Studio album by Lucinda Williams
- Released: February 13, 2007
- Recorded: The Village
- Length: 68:40
- Label: Lost Highway
- Producer: Hal Willner, Lucinda Williams

Lucinda Williams chronology
| Live @ The Fillmore (2005) | West (2007) | Little Honey (2008) |

= West (Lucinda Williams album) =

West is the eighth studio album by American singer-songwriter Lucinda Williams, released on February 13, 2007, by Lost Highway Records. The album debuted at No. 14 on the Billboard 200, selling about 57,000 copies that week. According to Nielsen SoundScan, the album had sold 250,000 copies in the United States by October 2008.

The track "Are You Alright?" was featured during the closing scenes of an episode of House ("Fetal Position"), which first aired April 3, 2007. It also appeared in the fourth episode of the HBO series True Detective, which first aired February 9, 2014. The track "Rescue" was featured on a season one episode of Brothers and Sisters (episode 18, first aired April 8, 2007).

The track "Come On" earned Williams two Grammy Award nominations in 2008: Best Solo Rock Vocal Performance and Best Rock Song. Both awards went to Bruce Springsteen for "Radio Nowhere".

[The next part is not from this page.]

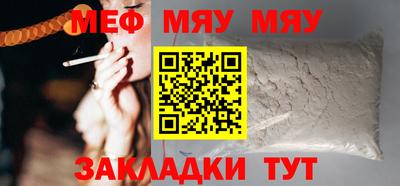 сатива Пугачёв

The track "Unsuffer Me" was featured during the closing credits of the 2022 film All the Beauty and the Bloodshed.

==Critical reception==

West was met with critical acclaim. At Metacritic, which assigns a weighted average rating out of 100 to reviews from mainstream publications, the album received an average score of 69, based on 28 reviews. AllMusic remarked "Williams is nothing if not a purely confessional songwriter. She continually walks in the shadowlands to bring out what is both most personal yet universal in her work, to communicate to listeners directly and without compromise", and concluded that the album "will no doubt attract more than a few new fans, and will give old ones, if they are open enough, a recording to relish".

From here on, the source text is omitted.